So, you just finished law school, or maybe, you a veteran barrister or solicitor looking for the next big opportunity. Getting hired by the top UK firms like DLA Piper, Clifford Chance, Hogan Lovells, among others, is no walk in the park. This is especially true for candidates who have not graduated from either Oxbridge or Russell Group. Graduates of these renowned universities account for over 75% of all hires across the UK.
Therefore, if you were not educated among the ultra-elite, you will have to come super prepared to stand any chance.
What should you pay attention to? Let’s take a look!
Watson Glaser Test
Before we get into what top law firms are looking for in a candidate, let’s take a look at how to pass the Watson Glaser Test.
Law firms across the UK are increasingly turning towards critical thinking tests, with Watson Glaser chief among them. The test is generally administered as part of their graduate recruitment process or training contracts to ascertain the candidate’s ability to tackle issues outside the box.

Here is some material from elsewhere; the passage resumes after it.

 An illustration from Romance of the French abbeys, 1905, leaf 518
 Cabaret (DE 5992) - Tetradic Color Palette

As you can imagine, analysis, objective thinking, and unorthodox solutions are golden skills in the file of law.
Here is a brief overview of the test subjects with a brief blub on how it relates to law.

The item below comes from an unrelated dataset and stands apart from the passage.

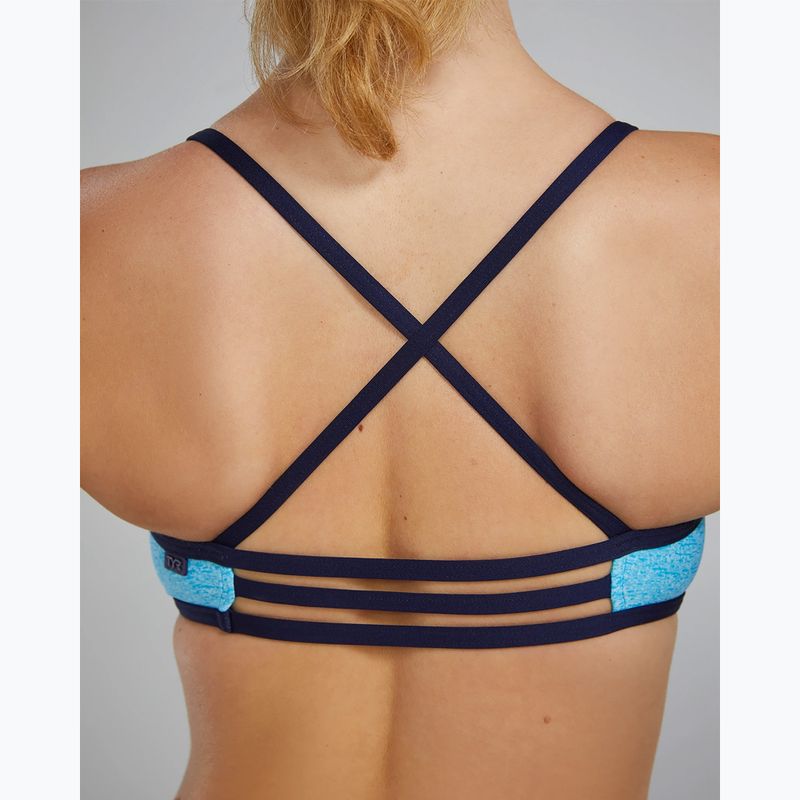 TYR Lapped Trinity top costume da bagno azzurro/aqua 9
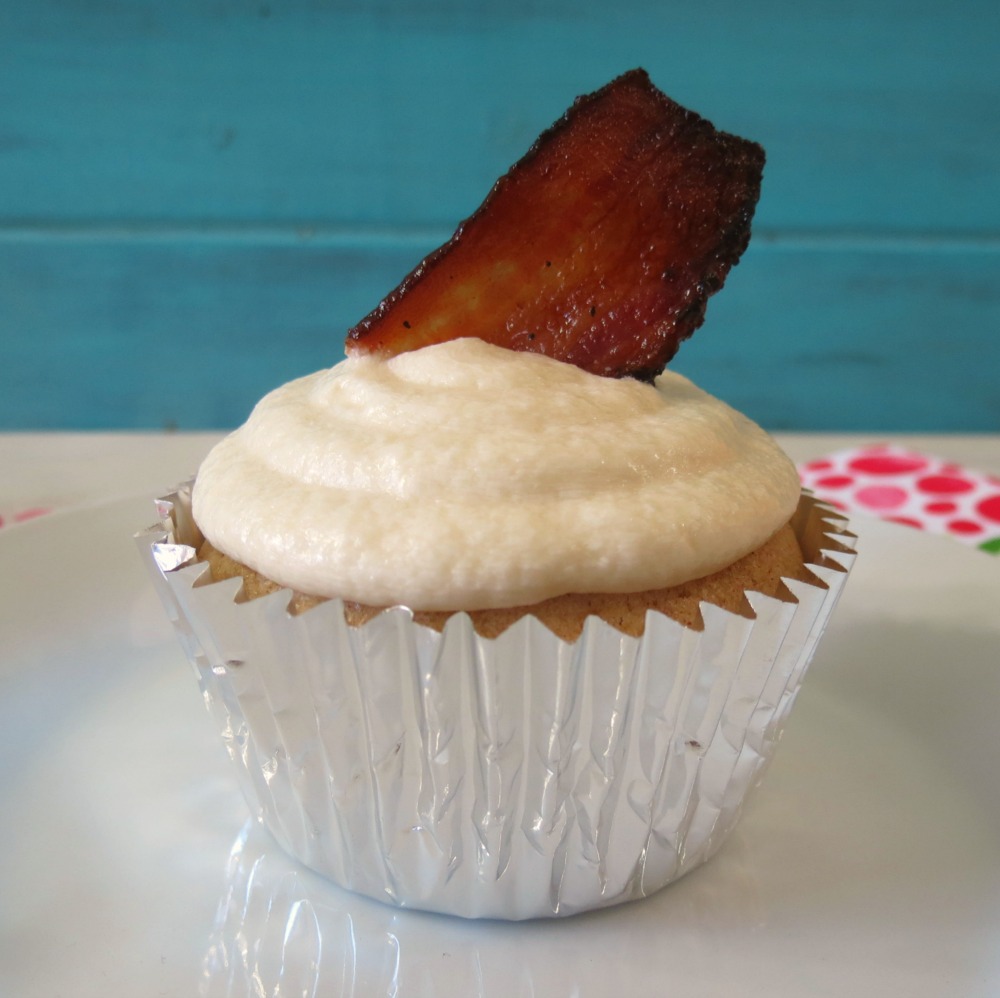 Maple Bacon Cupcakes with Frosting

- Inferences: During trial hearings, lawyers will often come to conclusions by using the logical rule of inference by lining up a series of seemingly unrelated facts. The Watson Test presents true statements, which are followed by a series of possible conclusions (inferences.) From a five-point scale of true to false, decide how true or false each one is.
- Recognition of assumptions: The recognition of underlining assumptions is crucial when trying to solve issues under dispute, especially when both sides are unaware that there are starting at different and unexpressed assumptions. After reviewing Several proposed assumptions on the Watson Test, you must decide if there actually is a justifiable assumption being made or not.

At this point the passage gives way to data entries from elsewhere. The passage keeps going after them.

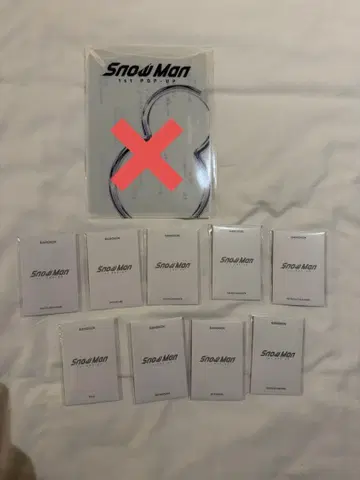 Snow Man 포토 카드 9인 세트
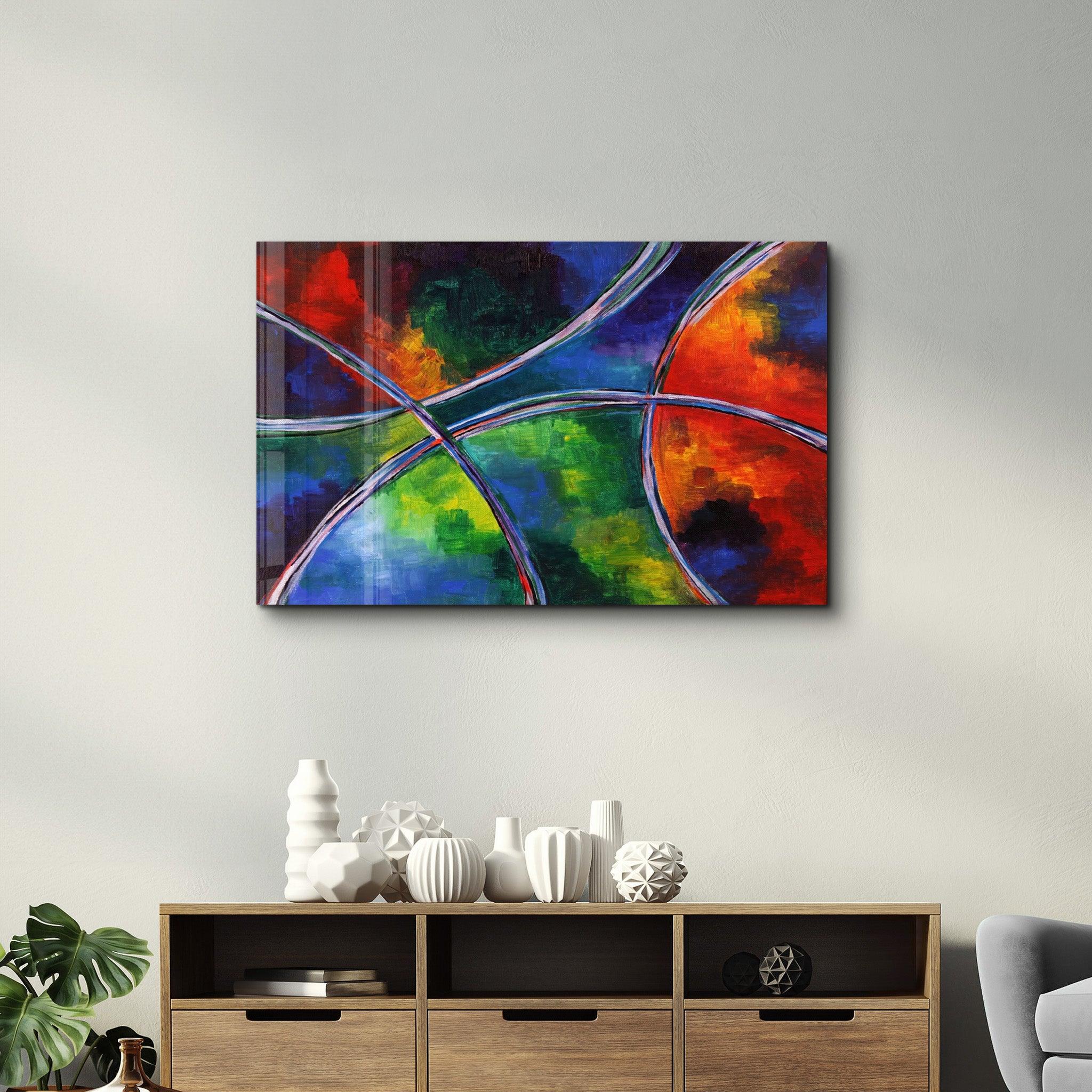 Excellence In Colors | Glass Wall Art - Artdesigna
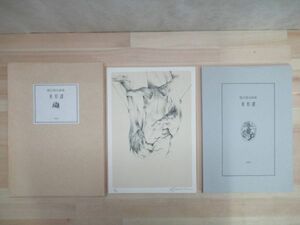 Art hand Auction J19▼【美品 送料込み 建石修志 オリジナルリトグラフ付】変形譚 建石修志画集 限定300部(のうち160番) 昭和52年 沖積舎刊 220328, 絵画, 画集, 作品集, 画集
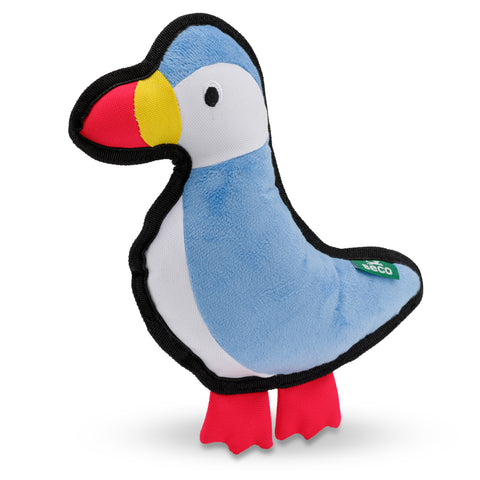 Beco Rough & Tough Recycled Plastic Puffin Dog Toy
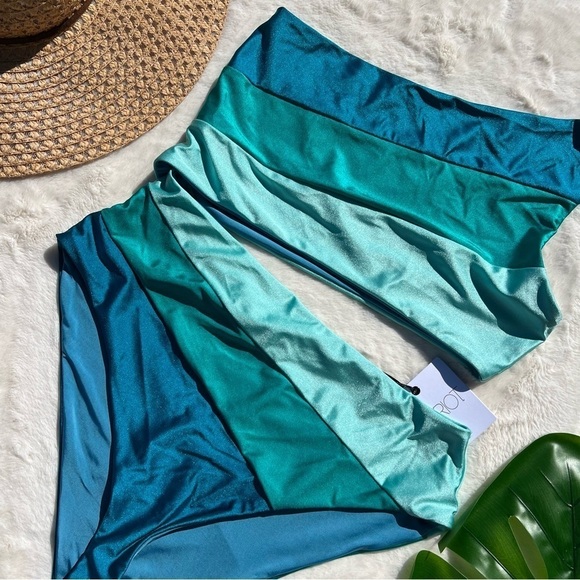 Beach Riot Joyce One Shoulder Color Block One Piece Swimsuit - Picture 11 of 11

- Deduction: Often, in law you will be tasked in proposing a general rule by looking at a specific example or narrow ruling. The goal is to find as many cases as possible where the rule on hand could be extrapolated from even though the facts of those cases may vary. On the Watson, you will decide if the conclusion of the given text follows or not.
- Interpretation: This is another fundamental necessity in law, because it demands that the lawyer understand how to interpret the meaning of a document. Often times the textual meaning or intent of a document may be ambiguous, so conjecture (speculation) will come into play. Similar to the above section on deduction, you will decide if a conclusion is or is not “beyond a reasonable doubt.”
- Evaluation of Arguments: In law when looking at an argument, you have to know how to take into consideration the argument’s strength in terms of its internal structure, external structure, universality, past precedent, and potential future impact. On the Watson Test, you will be tasked with evaluating an argument’s strength from weak to strong, based on its direct or indirect connection to the question.
Great, so now that you have a basic understanding of the primary skill sets that Watson Glaser focuses on, and you can start honing in on them to impress your future employer.
Having the technical know-how to do a job is simply not enough; you need commercial awareness. Commercial awareness in the context of law means keeping fully up to date on everything related to your field of law. This is what sets apart the good lawyers from the exceptional ones.
The questions that you are going to receive are going to vary from extremely specific to broad in nature. For instance, you might be asked to explain the difference between a merger or how the change in recent or proposed legislation might affect a given case. Those operating in administrative and public law will find that the dynamics are always changing and keeping on top of the news is itself a full-time job.
However, beyond showing a comprehensive understanding of the ongoings in your field, your future employer will also want to know that you attain a thorough understanding of the business itself. During your interview, you may be asked regarding:
- An industry deal you found most exciting and why?
- Recent deals that the company played a role. How, why, what, who…?
- Asking you to plan for an economic turndown or crash?
What can you do to prepare for commercial awareness questions?
- Join online related forums.
- Read up in the Financial Times and The Economist.
- Maximize your time in commute by listening to BBC Radio 4 instead of music.
- Check out a website called RollOnFriday, which complies news and ongoings from law firms across the UK.
It is important to remember that top law firms are looking for lawyers who can provide legal advice from a pragmatic-business point of view. This includes taking into account strengths, weaknesses, threats, and opportunities, all while meeting deadlines and limiting costs in a completely confidential manner. Make sure that your knowledge is broad as possible and that you can identify any issues that could potentially impact your clientele or your firm.
Whether in court, a settlement negotiation, or just trying to explain complex legal information in layman terms, your communication skills will play a critical role in your day-to-day operations. For instance, if you do not have strong writing skills, you will fail as a solicitor, as your primary job will be drafting letters and legal documents. If you have trouble with public speaking, your reputation as a barrister will collapse, as will your cases.
Moreover, communication is also vital in promoting a healthy and effective office environment. Maintaining the right administrative practices and procedures allows co-workers to effectively coordinate for the good of the firm and clientele.
Even if you have a brilliant legal mind, take the time to brush up on the skills so that you not only pass the hiring stage but also take your career to the next level.